Désormais, internet ajoute un échelon à ce vaste réseau. Les ordinateurs personnels sont raccordés au réseau mondial mais cela ne suffit pas. Les appareils ménagers sont désormais en voie de connexion obligatoire. La firme Samsung vient de présenter un nouveau réfrigérateur doté d’une interface à cristaux liquides permettant de surfer sur le net. Le réfrigérateur est connecté à l’internet, lit les code barres et devrait être capable de commander les yaourts lorsque le stock est au plus bas. La marque Ariston n’est pas en reste puisqu’elle a déjà commercialisé son modèle de machine à laver le linge« Margherita 2000 » en Italie et sera en vente en France à partir de Septembre 2000 pour un prix compris entre 8.000 Francs et 9.000 Francs. La machine, reliée à l’internet, permettra de lire et envoyer des mails. Elle permettra également de télécharger des programmes de lavage… Loin d’être un gadget de farces et attrapes, ce type d’appareil électroménager est considéré comme l’avenir de nos cuisines, salons et salles de bain. EDF travaille avec les fabricants tels Electrolux et Ariston pour fournir l’infrastructure qui doit assurer les échanges de données informatiques entre les serveurs et les appareils électroménagers. Accessoirement, on peut noter que l’internet va bel et bien passer par le réseau électrique…
Le mouvement qui doit nous plonger dans la grande fratrie du lavage pendulaire et régime au yaourt de soja est donc lancé.

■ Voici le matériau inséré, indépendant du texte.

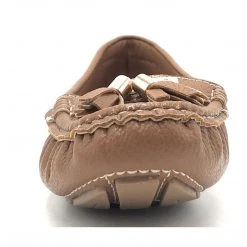 Forever Jimmi-32 Ballerina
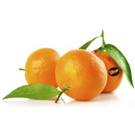 Imagen de Clementinas Extra - 130g aprox.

Mais si le progrès passe désormais par la domotique accomodée à la sauce internet, on peut légitimement se préoccuper de l’avenir de la vie privée. Car la mise en réseau emporte nécessairement le partage des ressources et des connaissances. Que ce soit pour l’usage des pouvoirs publics ou pour les intérêts commerciaux, on peut s’interroger sur la constitution des méga bases de données qui ne se contenteront plus de recouper des statistiques mais bel et bien des comportements et des faits qui identifierons chacun de nous aussi sûrement que notre empreinte génétique.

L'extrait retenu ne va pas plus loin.